Please give every record below again exactly, and keep the pictures out.

**** Extracted information

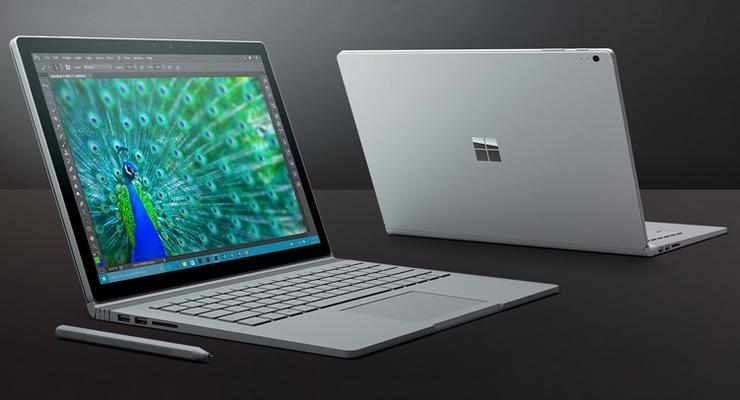 Microsoft готовит ноутбук-трансформер Surface Book второго поколения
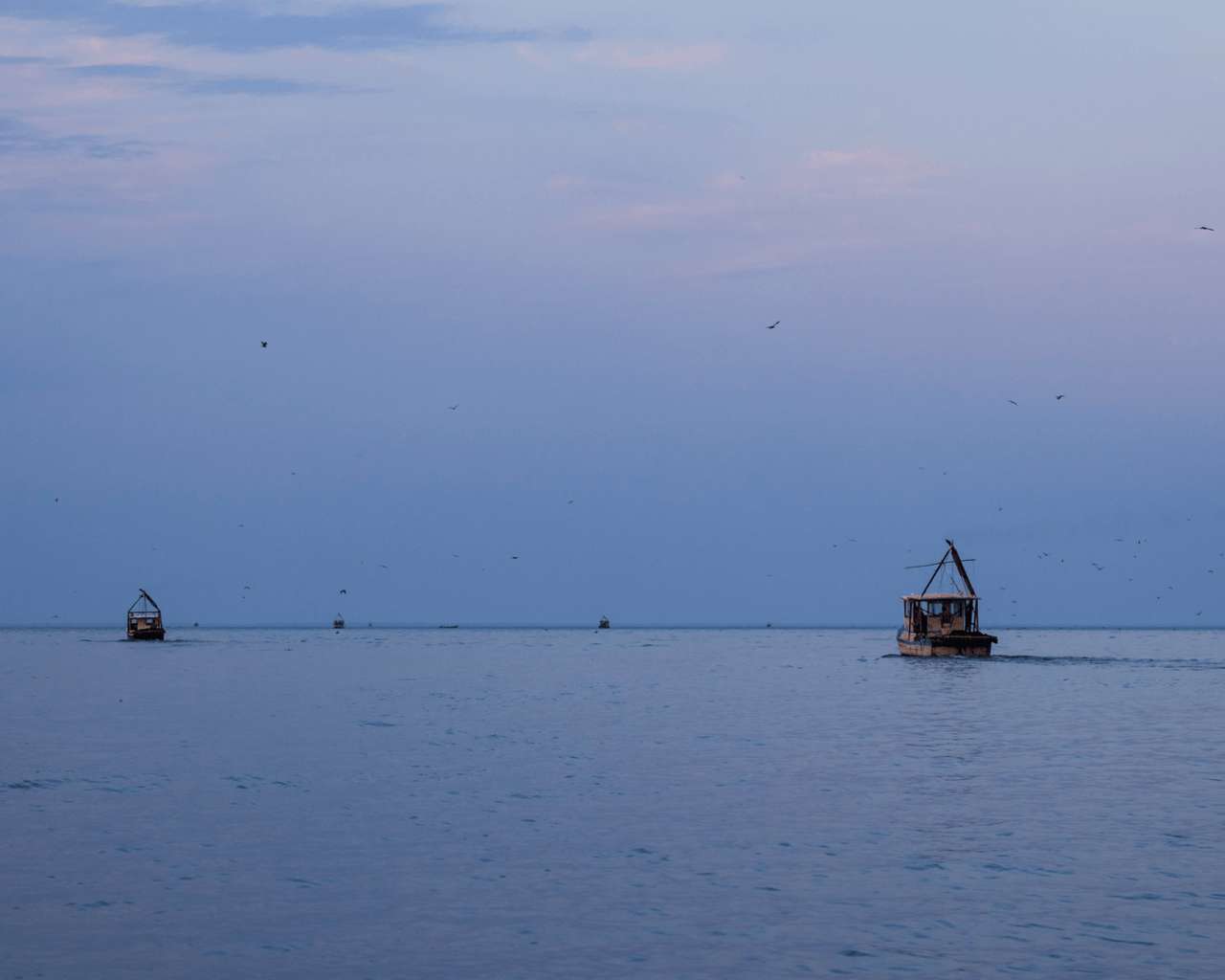Voyage au Guatemala, bateaux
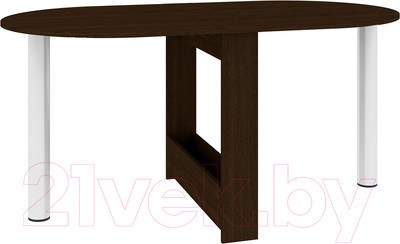 Стол-книга Кортекс-мебель Бон 2 (венге)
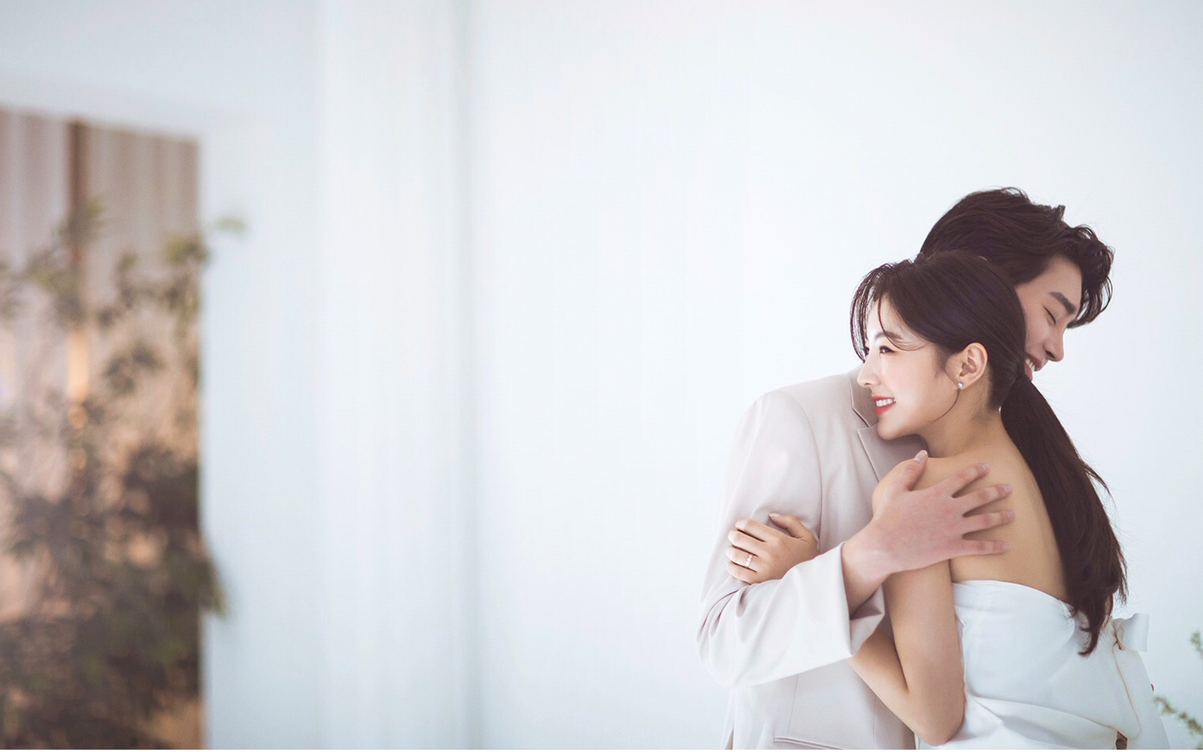 高定輕奢韓系婚紗照
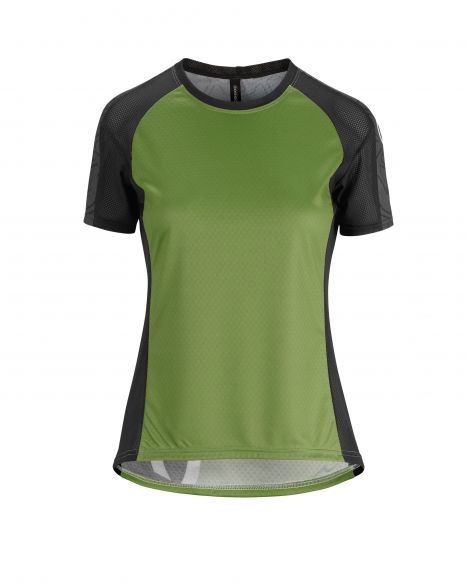 Assos Trail SS Kurzarm Radtrikot Grün Damen 522020676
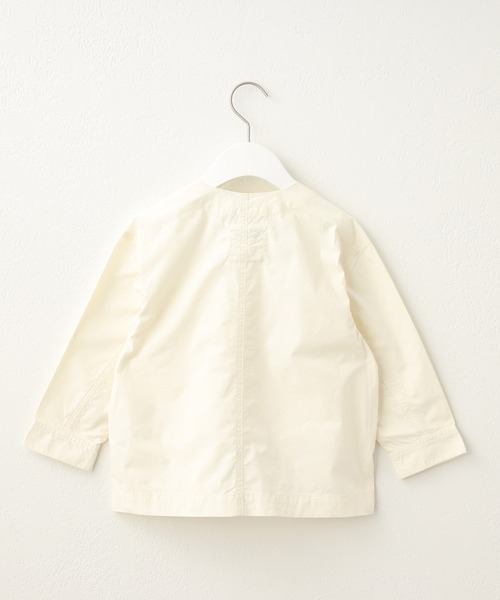 CIAOPANIC TYPY(チャオパニックティピー)の「【KIDS】【OSORO】コットンブロードシャウター(その他アウター・キッズ・ベージュ/アイボリー/カーキ・XX-LARGE/LARGE/X-LARGE/SMALL/MEDIUM)」の8枚目の写真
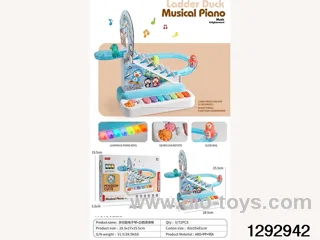 Multifunctional electronic keyboard + Penguin slide 2-in-1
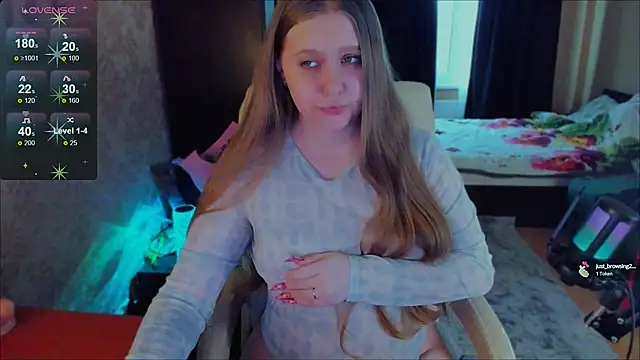 Snapshot of Alice_Dreamgirl_ chatting on March 3, 2025, 12:16 pm Alice Dreamgirl  online show from March 3, 2025, 12:16 pm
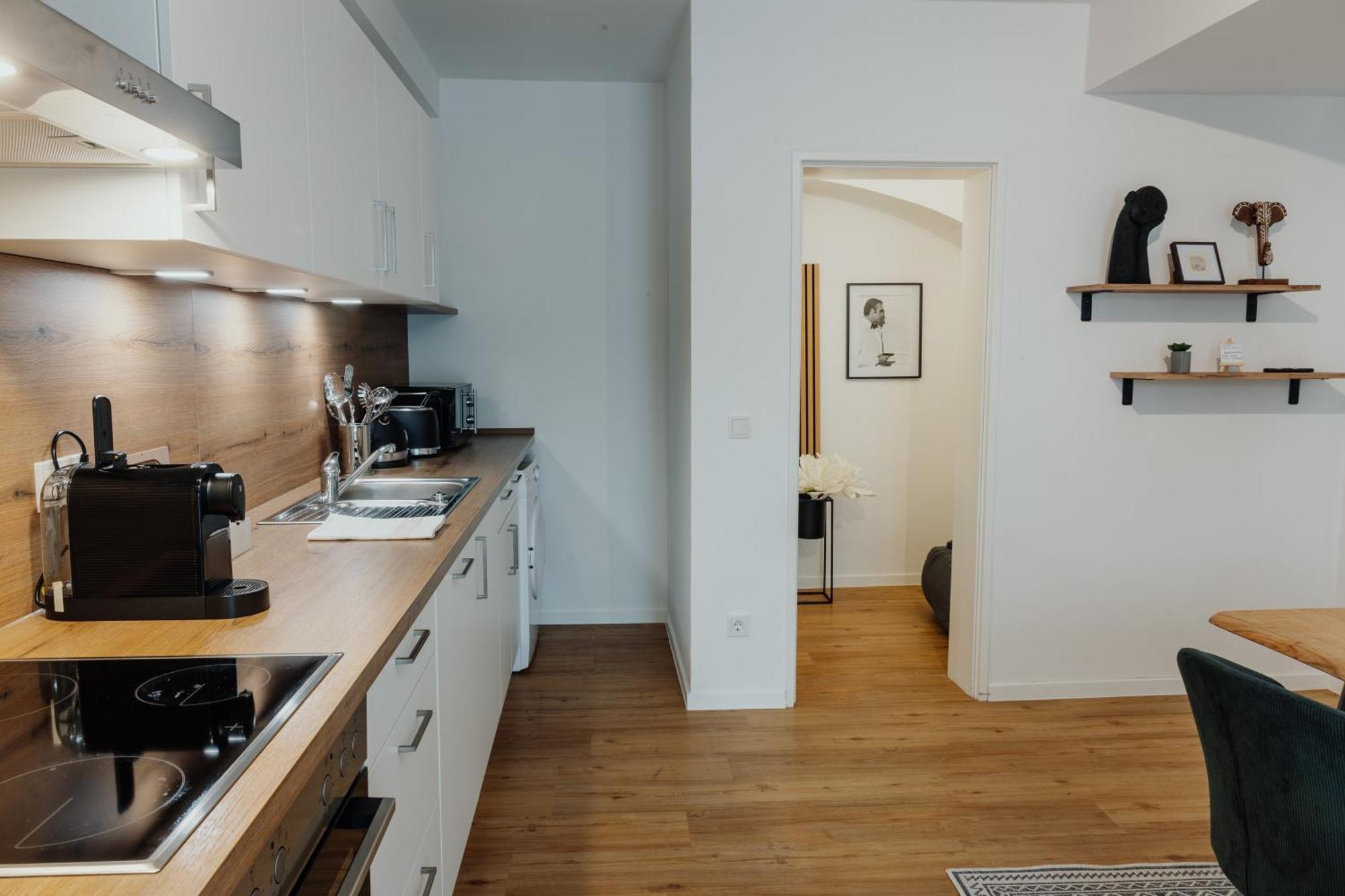 Cityheart Appartement - Stadt Mitte - Stilvoll Passau Eksteriør bilde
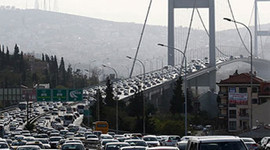 Trafikte kaç araç var?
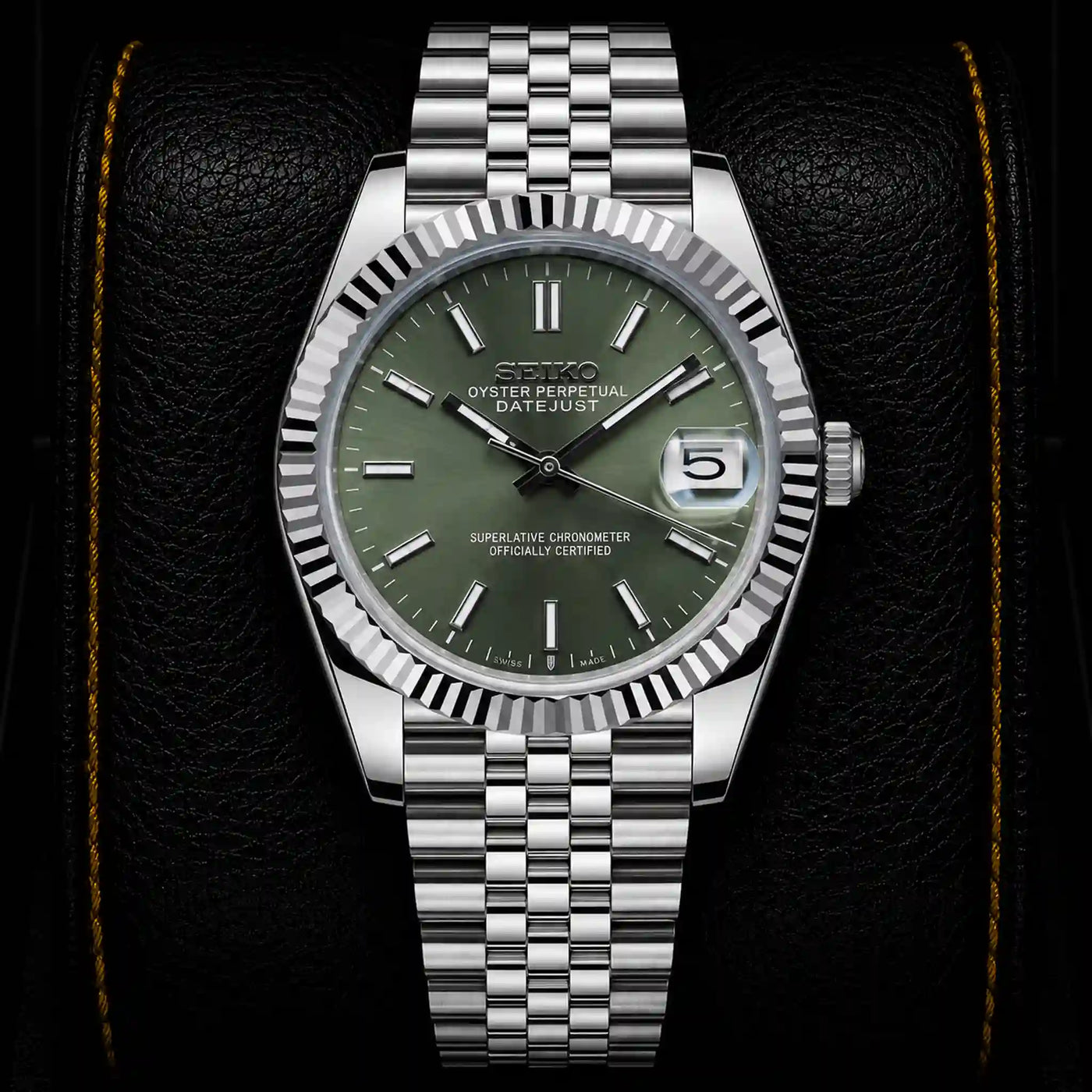 SKL Fluted Olive Green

********

Output below:
 Microsoft готовит ноутбук-трансформер Surface Book второго поколения
Voyage au Guatemala, bateaux
 Стол-книга Кортекс-мебель Бон 2 (венге)
 高定輕奢韓系婚紗照
 Assos Trail SS Kurzarm Radtrikot Grün Damen 522020676
 CIAOPANIC TYPY(チャオパニックティピー)の「【KIDS】【OSORO】コットンブロードシャウター(その他アウター・キッズ・ベージュ/アイボリー/カーキ・XX-LARGE/LARGE/X-LARGE/SMALL/MEDIUM)」の8枚目の写真
 Multifunctional electronic keyboard + Penguin slide 2-in-1
 Snapshot of Alice_Dreamgirl_ chatting on March 3, 2025, 12:16 pm Alice Dreamgirl  online show from March 3, 2025, 12:16 pm
 Cityheart Appartement - Stadt Mitte - Stilvoll Passau Eksteriør bilde
 Trafikte kaç araç var?
 SKL Fluted Olive Green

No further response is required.